++++ Extracted information ++++

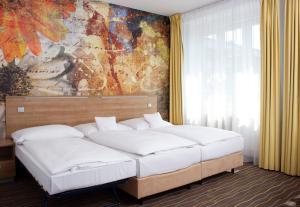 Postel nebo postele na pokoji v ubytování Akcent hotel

++++
++++ Extracted information ++++

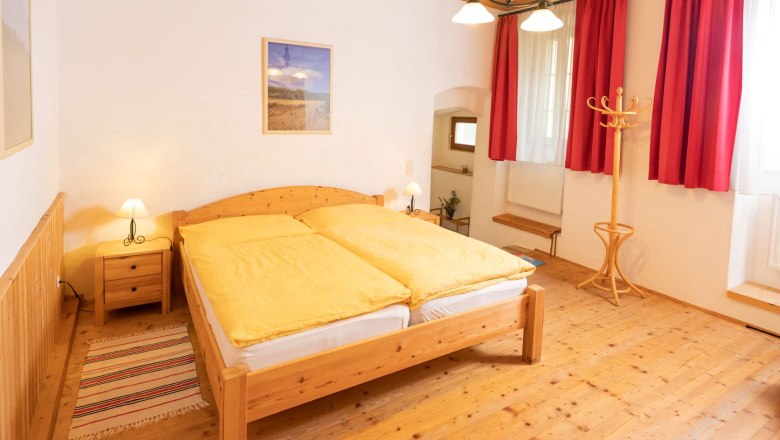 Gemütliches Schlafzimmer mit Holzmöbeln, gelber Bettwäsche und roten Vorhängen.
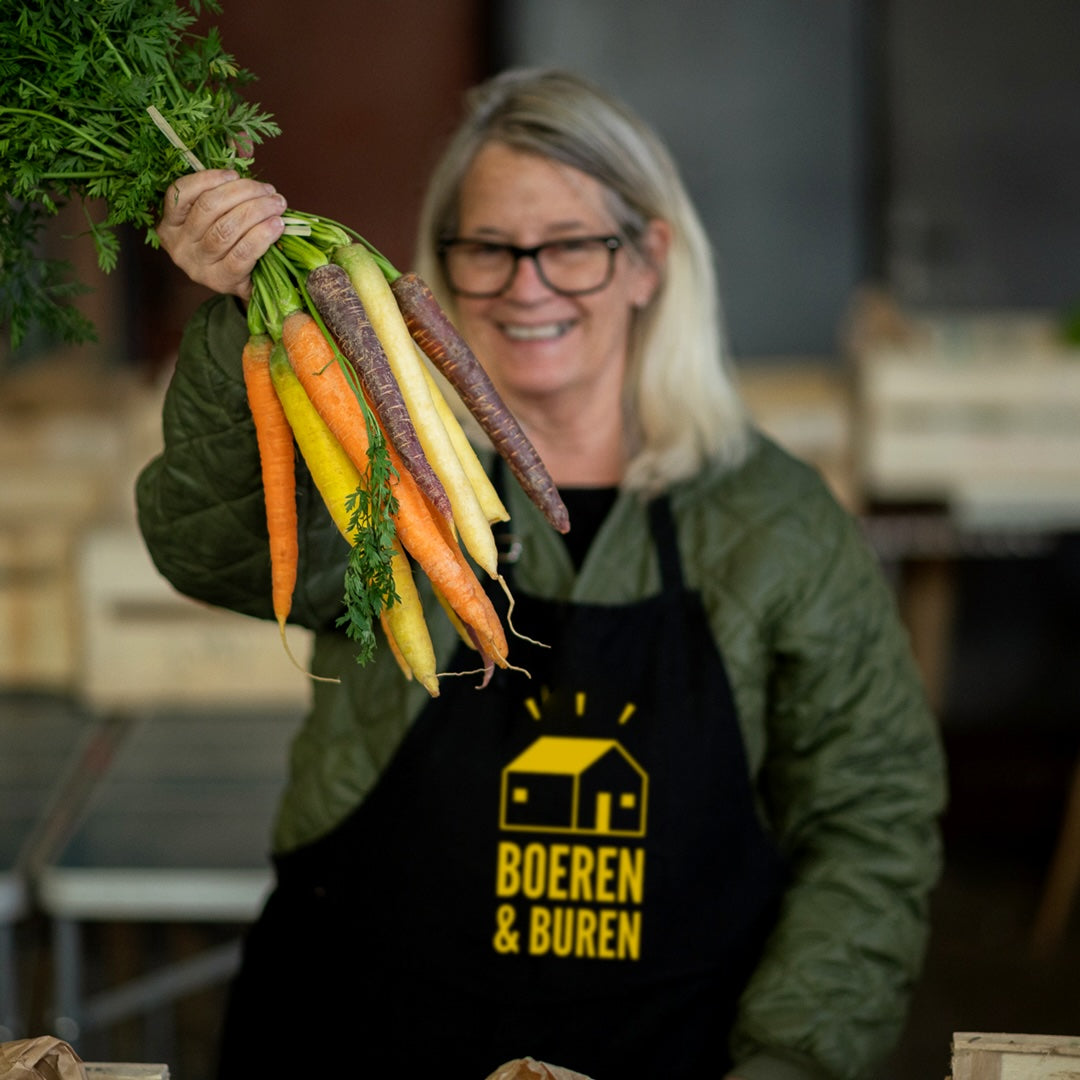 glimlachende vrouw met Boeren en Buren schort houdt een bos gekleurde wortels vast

++++

- _Aim of the exercise_:
Working from the entries above, please transcribe only the lines from the line with "Gemütliches Schlafzimmer mit" through the line with "glimlachende vrouw met", exactly, with both end lines and without pictures.

- _Written solution_:
 Gemütliches Schlafzimmer mit Holzmöbeln, gelber Bettwäsche und roten Vorhängen.
 glimlachende vrouw met Boeren en Buren schort houdt een bos gekleurde wortels vast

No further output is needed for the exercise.